近年、面会交流に関して、家庭裁判所は、原則実施論を採用していると言われてきました。しかし、行きすぎた面会交流の強要が、子どもの心を壊してきたことも事実です。そのことに警鐘を鳴らし、行きすぎた原則実施論に歯止めをかける契機となった判例をご紹介します。名古屋高裁平成29年3月17日決定(家庭の法と裁判№23)。以下、長くなりますが、家裁における面会交流の実務がよく表れていますので、是非とも、お読みいただきたい判例です。(注:監護権者である母をA、非監護権者である父をB、未成年者をCと表記します。)
①A(申立人)は、平成17年、B(相手方)と婚姻し、平成18年に未成年者Cが生まれたが、平成19年にCの親権者をAと定めて離婚した。
②平成19年、Bが面会交流調停を申し立て、試行面会が4回実施されたが上手くいかず、申立は却下され、抗告棄却により確定した。
③平成21年、Bが面会交流調停を申し立て、試行面会が3回実施されたが上手くいかず、申立は却下され、抗告棄却により確定した。
④平成24年、Bが面会交流調停を申し立てたが、「なさず」で終了した。
⑤平成25年、Bが面会交流調停を申し立て、試行面会が4回実施されたが、CはBとの面会に消極的な態度を崩さず、最後は出頭しなかった。調停は、審判に移行した。審判では、「Cの拒絶意思は強固であり、Bとの面会交流はCにとって心理的に負担になっているが、その程度は面会交流を制限するまでには至らず、満8歳に達するCのストレス耐性や適応力をもって十分克服できる」という理由で、年3回の面会交流を認める審判がされ、抗告棄却により確定した。
⑥前記審判にもかかわらず面会交流が実施されなかったため、Bは履行勧告を経て、平成27年に間接強制の決定(1回の不履行につき12万円)、その後、平成28年にかけて、間接強制金は24万円から50万円まで増額変更され、Aは、親族から借り入れるなどして172万円を支払い、Aの経済生活は逼迫した。

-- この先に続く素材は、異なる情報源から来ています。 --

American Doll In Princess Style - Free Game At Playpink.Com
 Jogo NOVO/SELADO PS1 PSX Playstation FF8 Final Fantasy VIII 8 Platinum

⑦平成27年、Bは、Aの代理人弁護士Dが不当に面会交流を妨げているとしてDを懲戒請求した。
⑧平成27年、Aは、前件審判の定める面会交流を新たな協議が成立するまでの間禁止することを求める審判と、審判前の保全処分を申し立てた。
上記事案について、原審となる名古屋家庭裁判所一宮支部は、「Cの面会を拒否する感情は強固であるものと認められる」とした上で、「Bが、Aに対して批判的な主張をしたり、間接強制手続(攻撃的側面を有すること自体は否定できない)を取っているのも、それがCとの父子関係の改善につながると考えているからであって、Aに対する攻撃自体が目的であるとは認め難い」としてBの攻撃性を不問とし、「AがCに対して面会に前向きな発言をしていたとしても、Cは本心からのものと受け取ることができていないことがうかがえる」としてAの働きかけが不十分だとした。
そして、臨床心理学を研究分野とし調査官経験を有する大学教授Eによる意見書(本件面会が子の福祉に叶わないとする内容)、それを踏まえた医師Fによる診断書(Cがじんましんなど身体によるストレス反応を起こしており、同じ事を繰り返すべきではないという内容)がAから提出されていたが、裁判所はこれを重視することはなかった。
家裁の認定は以下のとおりである。
「試行面会や調査面接の前後には、Cに体調不良やおねしょなど普段とは違う様子がみられ」、「調査面接において話題が面会交流から日常生活に移った途端Cが途端に饒舌になりその表情も格段に明るくなる」、「調査官面接において面会交流を話題にすることを避け、年齢(9歳)や学校調査から認められるCの発達状況にそぐわない退行した態度(「うんち」と繰り返したり、はいはいしたり、床に寝転がったりするなどの幼児的な態度が認定されている)を示したことに照らせば、CにとってBとの面会交流が心理的な負担になっているものと認められる」、
・・・しかし、「Cが学校生活において精神的不安定や身体症状を生じたことは確認されていないことに照らせば」、「Cが面会について感じる心理的な負担はなお、Cのストレス耐性能力ないし環境適応能力によって十分克服可能な程度にとどまる」として、BとCが、年3回の直接交流をすることを命じたのでした。
皆様、どうお感じになられましたか?
平成24年の細矢論文(家裁月報64巻7号)以降、 この国の司法は、面会交流宗教に取り憑かれたのだと依頼者に説明してきました。